Five Facts About Veterans Day

This year on November 11, we will celebrate the 100th anniversary of the origination of Veterans Day. Unlike Memorial Day, Veterans Day honors all of those who have served the country whether living or dead, although it’s largely intended to thank living veterans for their sacrifices.

  1. Veterans Day originated as “Armistice Day” – named by President Woodrow Wilson on Nov. 11, 1919, which is the first anniversary of the ceasefire of World War I. In 1954, President Eisenhower officially changed the name of the holiday from  Armistice Day to Veterans Day. An armistice is a formal agreement of warring parties to stop fighting. It is not necessarily the end of a war, since it may constitute only a cessation of hostilities while an attempt is made to negotiate a lasting peace. It is derived from the Latin arma, meaning “arms” and -stitium, meaning “a stopping”.
  2. In 1926, Congress passed a resolution for an annual observance, and it became a national holiday beginning in 1938. At this point, it was primarily a day set aside to honor veterans of World War I. In 1968, the Uniform Holidays Bill was passed by Congress, which moved the celebration of Veterans Day to the fourth Monday in October. The law went into effect in 1971, but on September 20, 1975 President Gerald Ford returned Veterans Day to November 11, due to the important historical significance of the date.
  3. Veterans Day occurs on November 11 because it is on the eleventh day of the eleventh month which is used to signify the eleventh hour of the eleventh day of the eleventh month of 1918 that signaled the end of World War I.
  4. Every year on Veterans Day, Arlington National Cemetery holds an annual memorial service. The cemetery is home to the graves of over 400,000 people almost all of whom served in the military.
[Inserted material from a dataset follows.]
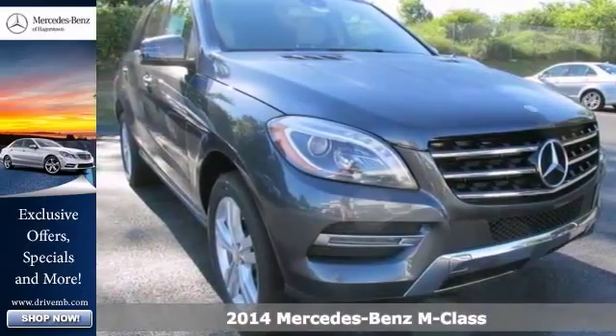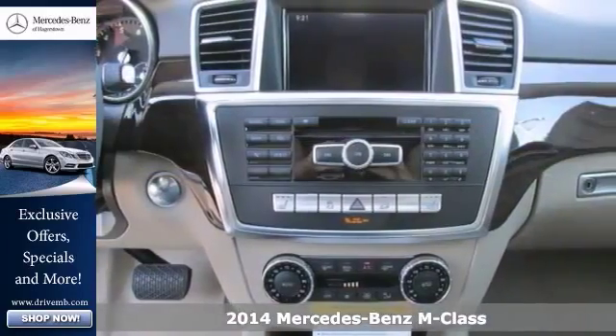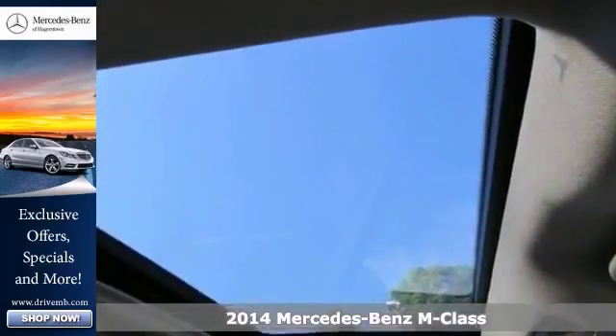Here's a T14 Mercedes-Benz ML350 4MATIC. This vehicle has a lot to offer, including all-wheel drive, Bluetooth, and brake assist.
  5. Great Britain, France, Australia, and Canada also commemorate the veterans of World War I and World War II on or near November 11th. World War I was a multinational effort, so it makes sense that our allies also wanted to celebrate their veterans on November 11. Canada has Remembrance Day, while Britain has Remembrance Sunday (the second Sunday of November). In Europe, Great Britain and the Commonwealth countries it is common to observe two minutes of silence at 11 a.m. every November 11th.